- **Description of the task**:
Set down a faithful copy of every record, and skip the pictures in it.

(Saved data entries)
_ _ _

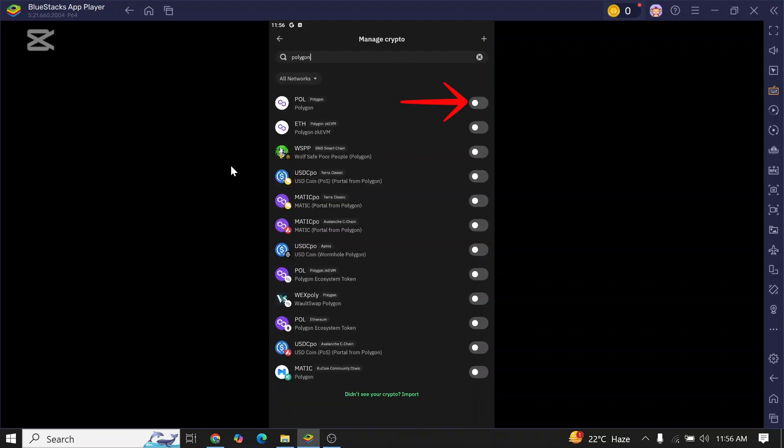To add Polygon on Trust Wallet app, just toggle this option over here. Once you toggle it, now go back to your home page.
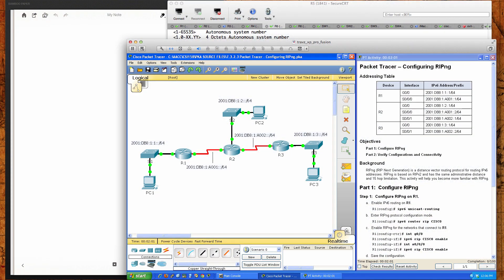Hello and good afternoon, CSI 158 sections 841 and 847 students for the second eight-week term at Anne Arundel Community College in the Cisco Networking Academy curriculum. This is the Routing and Switching Essentials course. Today's Packet Tracer tutorial activity is 7.3.2.3, which is a continuation of the IPv4 activity we just did — this one covers IPv6 RIP configuration. Let's jump right in.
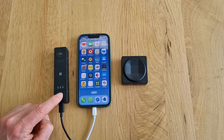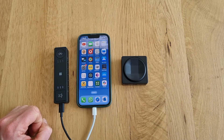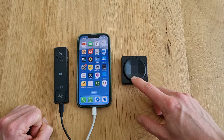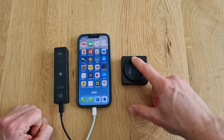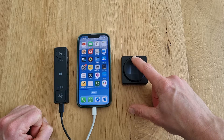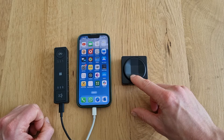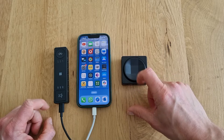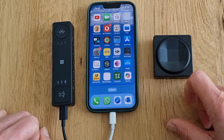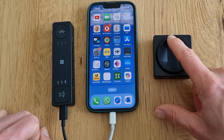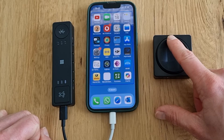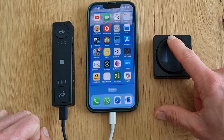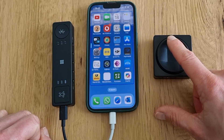So going back to profile 0, the d-pad simply allows me to navigate. But switching back to profile 1, the d-pad up button allows me to increase volume. Remember that changing profiles can be done on the hub, but also with an external or adaptive button.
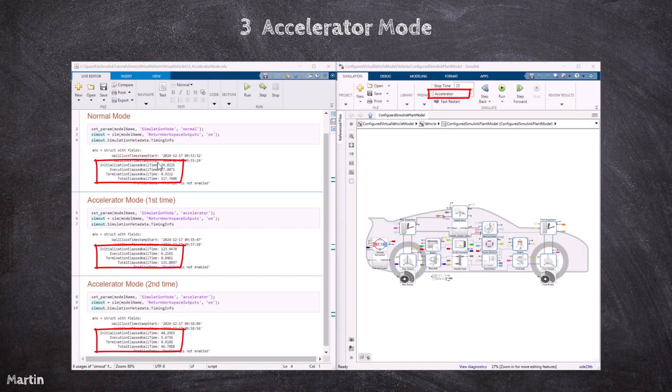As observed, during the first simulation in Accelerator Mode, there is an additional target generation time. However, for subsequent runs, the simulation execution is significantly faster because Simulink reuses the generated target code, bypassing the need for repeated model interpretation. This example demonstrates that Accelerator Mode reduces execution time, especially for models with longer simulation durations or repeated runs. The performance improvement becomes more pronounced as the number of simulations increases, making it ideal for tasks like iterative testing and parameter sweeps.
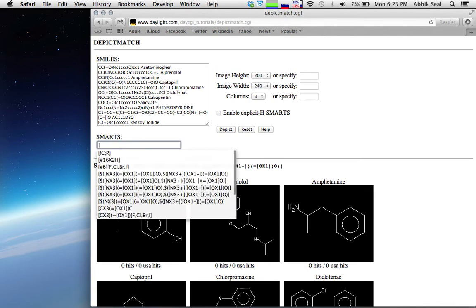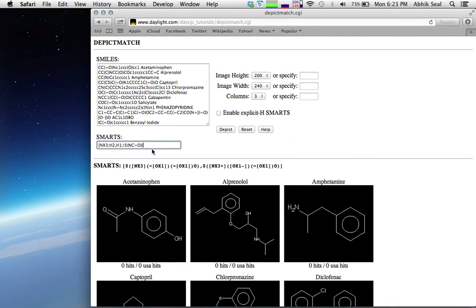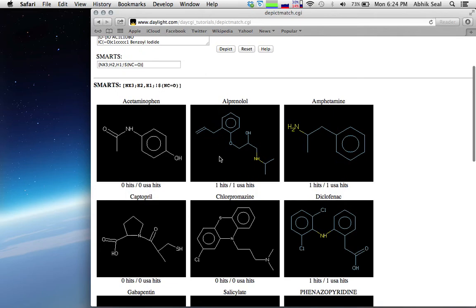Let's do primary amine and secondary amine but not amide. We write NX3 for aliphatic N with one or two further locations. This matches primary or secondary amine but not amide, since the amide group is represented by C(=O)NH. Adding a NOT sign excludes the amide, and you can see all primary and secondary amines got matched.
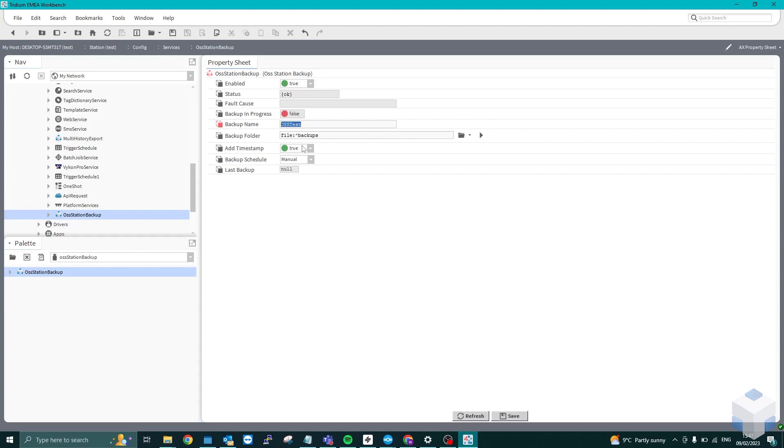There's a timestamp here, so you can change that to true and false. I'm going to keep it as false. And here, as you can see, you've got backup schedule.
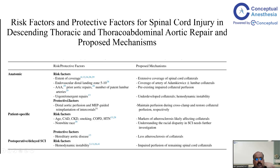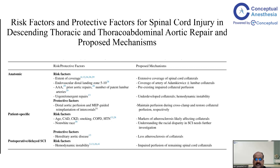Protective anatomical factors include distal aortic perfusion and motor evoked potential-guided re-implantation of intercostal arteries, maintaining perfusion during cross-clamp and restoring collateral perfusion. Patient-specific risk factors include age, coronary artery disease, chronic kidney disease, smoking, COPD, hypertension, and non-white race — all markers of atherosclerosis likely affecting collaterals. There is a racial disparity in spinal cord ischemia requiring further investigation. Connective tissue aortic disease is a protective patient factor because of less atherosclerosis and better collateral supply.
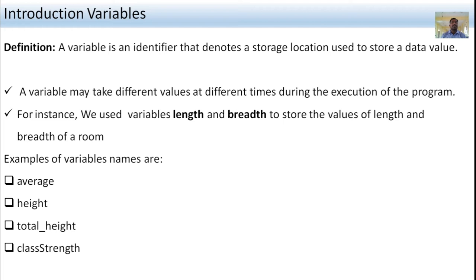For example, we use the variables length and breadth to store the values of length and breadth of a room. If you want to store the value of length and breadth, you can store the value. Examples of variable names include: height, total, underscore_height, class_strength.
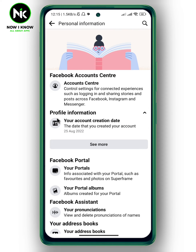And as you can see here, we got Profile Information and your account creation date. The date that you created your account is August 25, 2022. If you're wondering whether you can change your Facebook join date or not, the answer is no. Inherently, there is no way to change your Facebook join date. The only way to do that is to delete that account and then create a new account, and the Facebook join date will be changed as well.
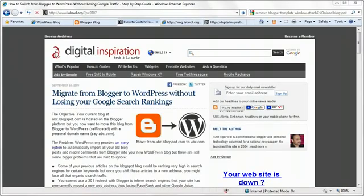Hi! This is Amit from Digital Inspiration. In this tutorial I'll show you how you can move a blog from blogspot.com to your own domain using WordPress software, without losing any of your blog readers, your RSS subscribers, or any of your search rankings. This whole thing should take about 2-3 minutes.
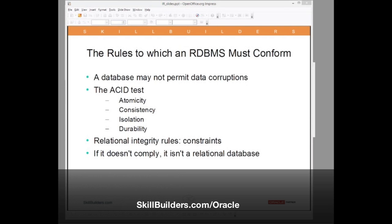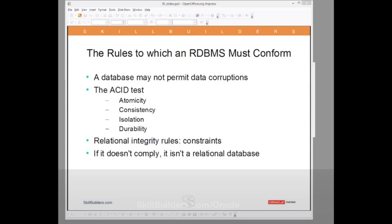A brief mention of how we implement these rules: constraints, of course, are relational integrity rules. But the overall consideration is this — if it doesn't conform to the ACID test, then it simply isn't a database.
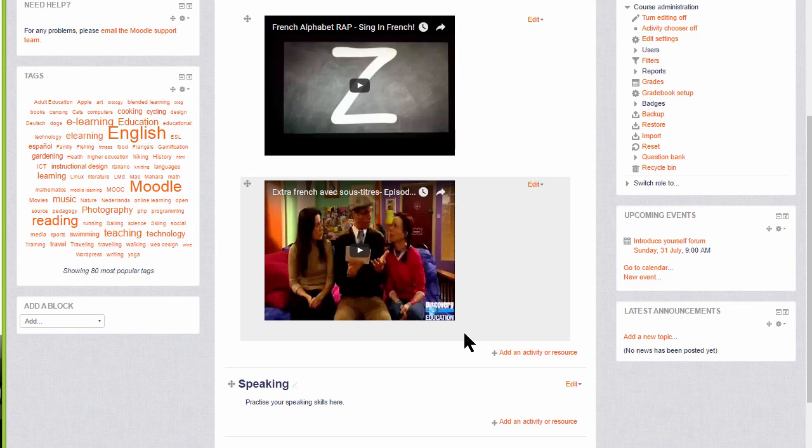However, if you have several videos, it's better to display them in a page resource where students can click to go to the video, rather than having a number of videos directly on your course page.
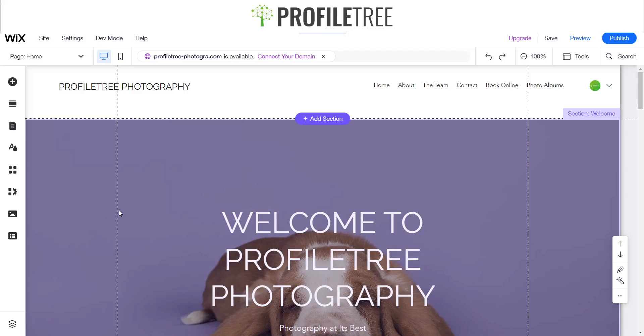Hello guys and welcome to a ProfileTree Wix tutorial. Today I'll be giving you a rundown on how to add a photo album on your Wix site.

_ _ _

- **Result below**:
To add Polygon on Trust Wallet app, just toggle this option over here. Once you toggle it, now go back to your home page.
Hello and good afternoon, CSI 158 sections 841 and 847 students for the second eight-week term at Anne Arundel Community College in the Cisco Networking Academy curriculum. This is the Routing and Switching Essentials course. Today's Packet Tracer tutorial activity is 7.3.2.3, which is a continuation of the IPv4 activity we just did — this one covers IPv6 RIP configuration. Let's jump right in.
So going back to profile 0, the d-pad simply allows me to navigate. But switching back to profile 1, the d-pad up button allows me to increase volume. Remember that changing profiles can be done on the hub, but also with an external or adaptive button.
As observed, during the first simulation in Accelerator Mode, there is an additional target generation time. However, for subsequent runs, the simulation execution is significantly faster because Simulink reuses the generated target code, bypassing the need for repeated model interpretation. This example demonstrates that Accelerator Mode reduces execution time, especially for models with longer simulation durations or repeated runs. The performance improvement becomes more pronounced as the number of simulations increases, making it ideal for tasks like iterative testing and parameter sweeps.
Let's do primary amine and secondary amine but not amide. We write NX3 for aliphatic N with one or two further locations. This matches primary or secondary amine but not amide, since the amide group is represented by C(=O)NH. Adding a NOT sign excludes the amide, and you can see all primary and secondary amines got matched.
There's a timestamp here, so you can change that to true and false. I'm going to keep it as false. And here, as you can see, you've got backup schedule.
Protective anatomical factors include distal aortic perfusion and motor evoked potential-guided re-implantation of intercostal arteries, maintaining perfusion during cross-clamp and restoring collateral perfusion. Patient-specific risk factors include age, coronary artery disease, chronic kidney disease, smoking, COPD, hypertension, and non-white race — all markers of atherosclerosis likely affecting collaterals. There is a racial disparity in spinal cord ischemia requiring further investigation. Connective tissue aortic disease is a protective patient factor because of less atherosclerosis and better collateral supply.
For example, we use the variables length and breadth to store the values of length and breadth of a room. If you want to store the value of length and breadth, you can store the value. Examples of variable names include: height, total, underscore_height, class_strength.
And as you can see here, we got Profile Information and your account creation date. The date that you created your account is August 25, 2022. If you're wondering whether you can change your Facebook join date or not, the answer is no. Inherently, there is no way to change your Facebook join date. The only way to do that is to delete that account and then create a new account, and the Facebook join date will be changed as well.
Hi! This is Amit from Digital Inspiration. In this tutorial I'll show you how you can move a blog from blogspot.com to your own domain using WordPress software, without losing any of your blog readers, your RSS subscribers, or any of your search rankings. This whole thing should take about 2-3 minutes.
A brief mention of how we implement these rules: constraints, of course, are relational integrity rules. But the overall consideration is this — if it doesn't conform to the ACID test, then it simply isn't a database.
However, if you have several videos, it's better to display them in a page resource where students can click to go to the video, rather than having a number of videos directly on your course page.
Hello guys and welcome to a ProfileTree Wix tutorial. Today I'll be giving you a rundown on how to add a photo album on your Wix site.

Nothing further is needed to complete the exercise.